Asked & Answered: 10 Survival Habits for The Kitchen Rookie

Asked & Answered: 10 Survival Habits for The Kitchen Rookie

Words of wisdom from André Natera, exec chef of Omni Barton Creek in Austin.

February 4, 2016

In the streets, there is a saying: “game recognize game, real recognize real.” In the world of cooking, the same rules apply. 


A new cook enters a kitchen, and all eyes are on them. Maybe they worked for some big name chef at some big name restaurant, maybe they're as green as it gets—it doesn't matter. In this world, "it ain't where you from, it's where you at," and habits reveal the truth. Bad kitchen habits typically betray sloppiness, and no amount of trumping up a one-day stage or fluffing a resume skill set can hide that. 

These are some of the biggest, most common pet peeves for chefs across kitchens. Know them, make them a part of your movements and your mindset, and you won't be run out of the kitchen like all the other shoemakers who came before you.   



Fold your towels.


You probably only get three a day so treat them like gold. Keep them folded like crisp 100 dollar bills and treat them like money because they are. Your ability to keep you towels folded means you have mastered working clean.

Cut your tape straight.


Use tape cutters or scissors. If you don’t have that, use a paring knife.
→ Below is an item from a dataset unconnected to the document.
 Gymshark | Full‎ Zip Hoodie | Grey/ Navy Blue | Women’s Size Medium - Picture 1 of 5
Thomas Keller has detailed this out for everyone many times: CUT THE TAPE STRAIGHT! It’s all in the details.

Remove tape from the deli containers before going to dish. 
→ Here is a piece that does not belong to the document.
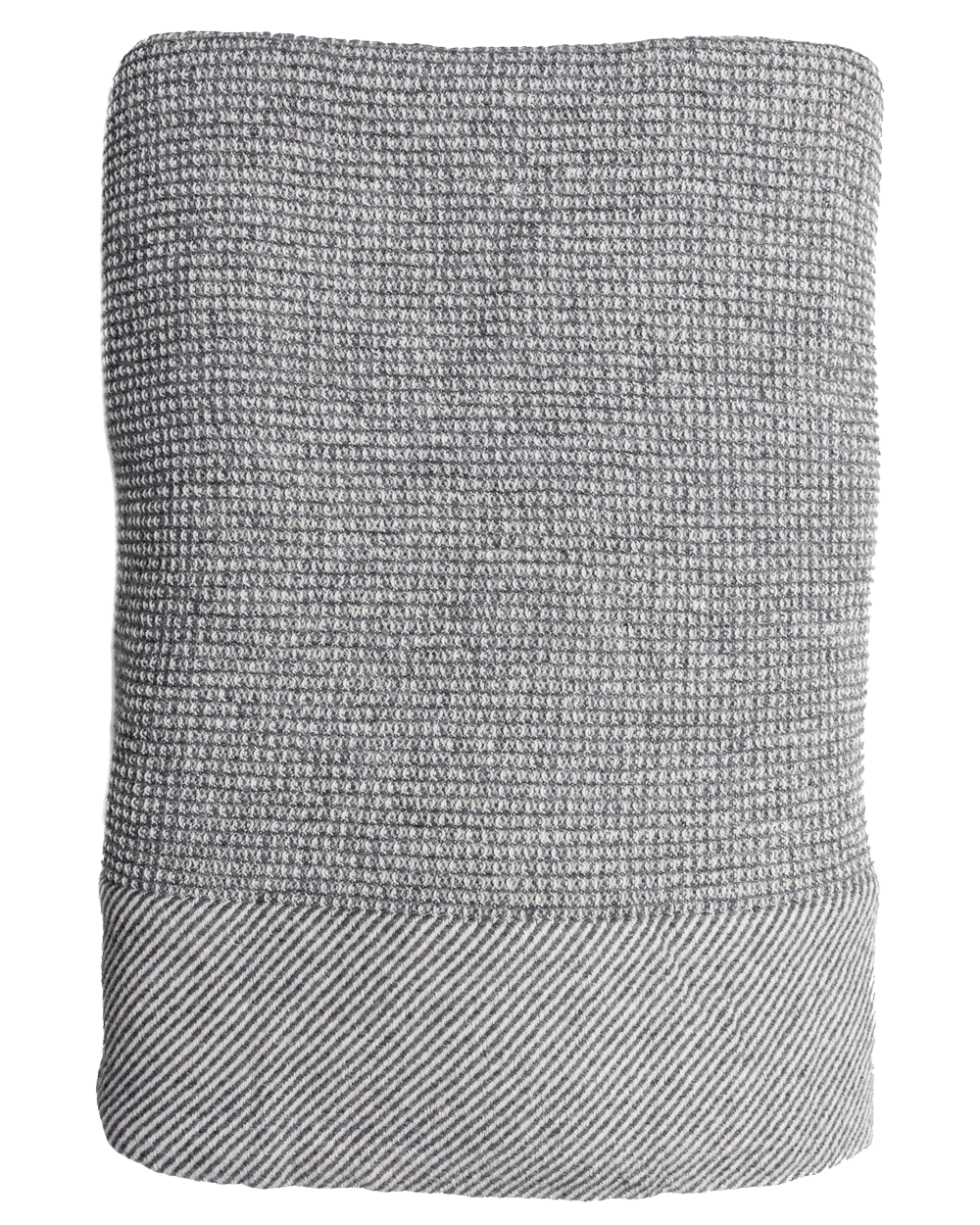 Waffle-Weave Cotton Blend Throw, Grey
Seriously, this one just screams lazy. You need to respect the people who are in the back cleaning as much as the people that are cooking and serving the food. Take one second out of your precious time and remove the tape.

Gopher holes. Just no.  


You know, the guy that was too lazy to take an extra second to remove the plastic from a container. So, like a Neanderthal, he rips a hole in the plastic wrap to stick his filthy fingers inside and remove delicately prepared foodstuffs. Don’t be that guy…everyone hates that guy the most.  

Don't use your apron as a transport sack.
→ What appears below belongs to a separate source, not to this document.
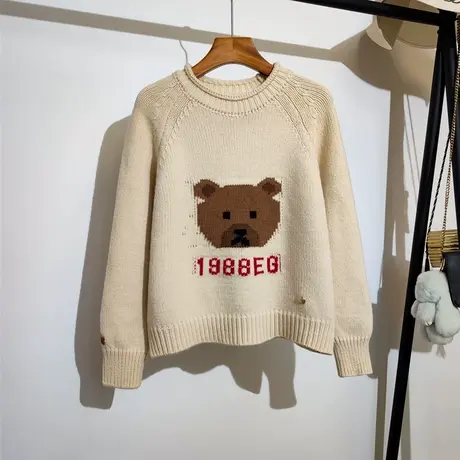 学院风小熊毛衣女秋冬2023新款宽松圆领套头休闲百搭针织上衣外穿商品大图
You know the guy coming out of the cooler holding the corners of his now filthy apron with the clever smirk on his face? It's not a new #kitchenlifehack to carry 50lbs of potatoes in your apron instead of in a clean container.


Use a tasting spoon.


Don’t stick your fingers in the food and then in your mouth. Oh, but you saw Marco Pierre White do it on TV? He is Marco and you are not, your fingers don’t have half the flavor his do.

Don't work over a garbage bin.


Only bad things can happen if you make the conscious decision to work over a garbage bin. If the food falls in and you take it out you’re  disgusting, and if you leave it in you’re wasteful and don’t care about food costs. Which one are you?

Avoid disgusting utensil bains. 


You know, because you haven’t changed the water in your soigné bain with all your Kunz spoons and tweezers. Now you're four hours into service and you have bits of cream, meat and herbs floating around in the bain like salmonella soup. Go on, take a big gulp of that disgusting utensil bain water, and never do that again.


Wipe down the pass before plating.


Food particles everywhere stick to the bottom of your plates. Get the sanitation towel out of the red bucket and wipe down the pass.

Use a plate wipe, not a side towel.


You remember those three towels that you got at the beginning of your shift? Well, one of them got really dirty, and now you are using your dirty side towel to clean the plates? Always set your station with plate wipes. Don't use the dirty towel covered in gravy to remove the gravy. Just don't.